Your objective — Print exactly the lines that run from the one containing "Cảnh sát phân luồng xe APEC dưới mưa" to the final line of the data, both included, and print none of the pictures.

Information shown —
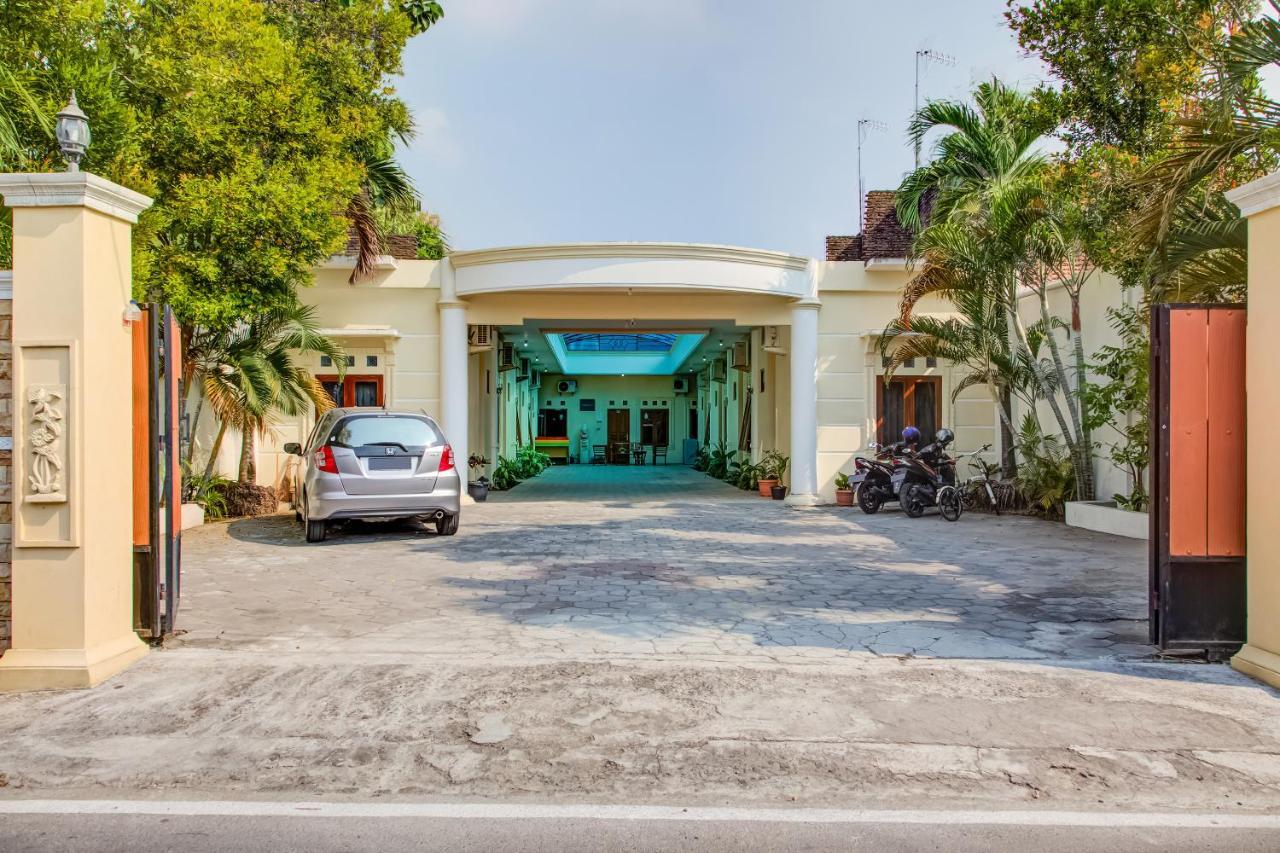 Surakarta  Oyo 3831 Pelangi Residence Syariah מראה חיצוני תמונה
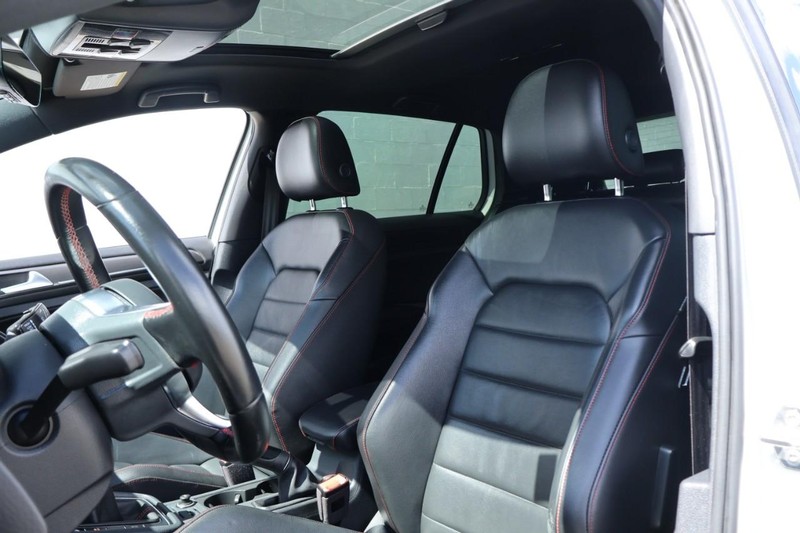 Volkswagen Golf GTI Vehicle Full-screen Gallery Image 20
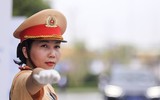 Cảnh sát phân luồng xe APEC dưới mưa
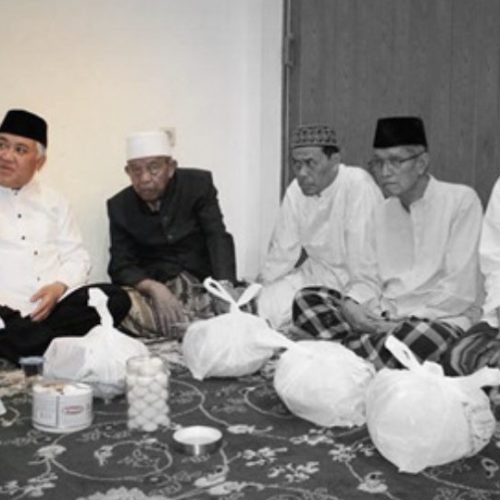 Ini Pendapat Empat Madzhab Tentang Tahlilan Ini Pendapat Empat Madzhab Tentang Tahlilan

Written response —
 Cảnh sát phân luồng xe APEC dưới mưa
 Ini Pendapat Empat Madzhab Tentang Tahlilan Ini Pendapat Empat Madzhab Tentang Tahlilan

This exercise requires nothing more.